What is required: Nothing is needed except the lines below that run from the one with "Mauro Norti - Metro (Original Mix)" through the one with "2025 Porsche 992 Carrera GTS - Image 4 of 7", repeated exactly.

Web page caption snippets
BEGIN

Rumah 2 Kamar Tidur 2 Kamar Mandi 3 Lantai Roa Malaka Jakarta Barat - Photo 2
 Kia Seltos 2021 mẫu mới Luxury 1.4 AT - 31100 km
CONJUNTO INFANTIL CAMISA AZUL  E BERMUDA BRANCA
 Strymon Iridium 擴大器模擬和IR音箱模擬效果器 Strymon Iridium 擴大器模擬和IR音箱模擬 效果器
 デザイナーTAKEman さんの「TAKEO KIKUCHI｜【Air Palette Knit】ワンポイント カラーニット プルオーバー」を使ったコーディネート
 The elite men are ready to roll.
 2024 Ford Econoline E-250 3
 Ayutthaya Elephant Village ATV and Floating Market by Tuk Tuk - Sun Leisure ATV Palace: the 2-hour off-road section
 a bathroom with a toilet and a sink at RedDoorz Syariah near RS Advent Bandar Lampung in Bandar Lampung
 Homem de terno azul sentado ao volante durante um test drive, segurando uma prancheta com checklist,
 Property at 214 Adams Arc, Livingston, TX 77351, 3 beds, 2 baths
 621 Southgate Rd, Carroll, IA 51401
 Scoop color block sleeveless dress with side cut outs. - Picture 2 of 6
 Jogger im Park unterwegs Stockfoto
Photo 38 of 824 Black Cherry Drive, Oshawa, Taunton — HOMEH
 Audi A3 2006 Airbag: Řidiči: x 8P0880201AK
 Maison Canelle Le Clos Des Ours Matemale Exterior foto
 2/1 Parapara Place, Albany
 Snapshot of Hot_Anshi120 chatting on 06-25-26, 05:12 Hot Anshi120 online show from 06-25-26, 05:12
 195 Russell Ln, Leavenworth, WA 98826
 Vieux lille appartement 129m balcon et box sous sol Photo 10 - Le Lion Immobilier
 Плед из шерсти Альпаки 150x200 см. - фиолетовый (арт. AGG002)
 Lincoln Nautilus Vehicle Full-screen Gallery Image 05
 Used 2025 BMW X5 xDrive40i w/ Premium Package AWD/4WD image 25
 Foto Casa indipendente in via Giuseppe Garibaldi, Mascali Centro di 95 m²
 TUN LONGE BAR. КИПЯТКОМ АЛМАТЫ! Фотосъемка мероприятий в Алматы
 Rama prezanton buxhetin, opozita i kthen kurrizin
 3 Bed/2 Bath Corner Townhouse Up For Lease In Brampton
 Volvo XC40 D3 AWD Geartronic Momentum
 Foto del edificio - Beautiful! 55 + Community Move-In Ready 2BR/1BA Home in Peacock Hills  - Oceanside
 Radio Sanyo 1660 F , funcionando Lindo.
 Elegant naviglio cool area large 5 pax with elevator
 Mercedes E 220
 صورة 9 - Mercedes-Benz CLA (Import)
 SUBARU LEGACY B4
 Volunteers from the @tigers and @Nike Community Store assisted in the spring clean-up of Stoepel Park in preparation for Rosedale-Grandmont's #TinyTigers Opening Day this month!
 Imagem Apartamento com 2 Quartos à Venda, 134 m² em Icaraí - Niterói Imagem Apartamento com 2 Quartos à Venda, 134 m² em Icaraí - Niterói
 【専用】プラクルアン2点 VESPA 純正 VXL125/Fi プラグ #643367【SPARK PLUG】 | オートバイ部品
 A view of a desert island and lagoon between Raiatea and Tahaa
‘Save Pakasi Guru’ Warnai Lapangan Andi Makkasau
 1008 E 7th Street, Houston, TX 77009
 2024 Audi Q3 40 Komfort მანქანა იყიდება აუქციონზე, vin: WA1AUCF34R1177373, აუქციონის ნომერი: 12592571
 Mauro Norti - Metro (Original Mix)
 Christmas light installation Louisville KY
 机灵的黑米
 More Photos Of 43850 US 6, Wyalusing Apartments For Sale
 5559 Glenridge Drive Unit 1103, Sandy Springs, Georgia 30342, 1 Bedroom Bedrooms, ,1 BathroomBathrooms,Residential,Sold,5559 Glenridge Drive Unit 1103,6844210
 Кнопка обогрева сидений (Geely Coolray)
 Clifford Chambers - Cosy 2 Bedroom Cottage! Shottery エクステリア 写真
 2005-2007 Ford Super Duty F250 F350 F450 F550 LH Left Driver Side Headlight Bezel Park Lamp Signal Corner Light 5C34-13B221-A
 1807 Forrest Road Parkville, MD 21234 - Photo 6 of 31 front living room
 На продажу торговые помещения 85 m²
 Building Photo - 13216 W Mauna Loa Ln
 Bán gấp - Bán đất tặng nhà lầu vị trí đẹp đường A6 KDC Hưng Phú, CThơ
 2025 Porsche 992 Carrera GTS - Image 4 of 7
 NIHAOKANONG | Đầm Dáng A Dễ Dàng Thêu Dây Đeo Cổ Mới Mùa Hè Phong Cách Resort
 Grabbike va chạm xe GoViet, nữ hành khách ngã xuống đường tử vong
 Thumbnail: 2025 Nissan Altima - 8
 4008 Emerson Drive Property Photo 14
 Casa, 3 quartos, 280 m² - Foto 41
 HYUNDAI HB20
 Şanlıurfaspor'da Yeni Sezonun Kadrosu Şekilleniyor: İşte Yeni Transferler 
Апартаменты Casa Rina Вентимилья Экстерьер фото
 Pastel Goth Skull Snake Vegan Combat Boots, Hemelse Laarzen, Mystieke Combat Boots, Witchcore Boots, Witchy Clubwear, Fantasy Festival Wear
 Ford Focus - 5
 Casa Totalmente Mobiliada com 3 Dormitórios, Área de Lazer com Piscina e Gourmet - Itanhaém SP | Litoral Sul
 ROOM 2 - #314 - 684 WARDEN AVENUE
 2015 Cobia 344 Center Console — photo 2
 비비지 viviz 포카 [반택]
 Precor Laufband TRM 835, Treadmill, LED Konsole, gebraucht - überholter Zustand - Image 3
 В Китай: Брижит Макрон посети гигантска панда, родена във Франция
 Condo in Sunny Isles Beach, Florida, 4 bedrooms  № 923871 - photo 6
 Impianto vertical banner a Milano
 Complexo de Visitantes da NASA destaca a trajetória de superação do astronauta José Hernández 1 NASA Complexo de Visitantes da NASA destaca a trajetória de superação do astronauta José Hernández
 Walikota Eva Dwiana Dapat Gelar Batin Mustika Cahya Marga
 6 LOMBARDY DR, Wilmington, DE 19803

END

Your solution:
 Mauro Norti - Metro (Original Mix)
 Christmas light installation Louisville KY
 机灵的黑米
 More Photos Of 43850 US 6, Wyalusing Apartments For Sale
 5559 Glenridge Drive Unit 1103, Sandy Springs, Georgia 30342, 1 Bedroom Bedrooms, ,1 BathroomBathrooms,Residential,Sold,5559 Glenridge Drive Unit 1103,6844210
 Кнопка обогрева сидений (Geely Coolray)
 Clifford Chambers - Cosy 2 Bedroom Cottage! Shottery エクステリア 写真
 2005-2007 Ford Super Duty F250 F350 F450 F550 LH Left Driver Side Headlight Bezel Park Lamp Signal Corner Light 5C34-13B221-A
 1807 Forrest Road Parkville, MD 21234 - Photo 6 of 31 front living room
 На продажу торговые помещения 85 m²
 Building Photo - 13216 W Mauna Loa Ln
 Bán gấp - Bán đất tặng nhà lầu vị trí đẹp đường A6 KDC Hưng Phú, CThơ
 2025 Porsche 992 Carrera GTS - Image 4 of 7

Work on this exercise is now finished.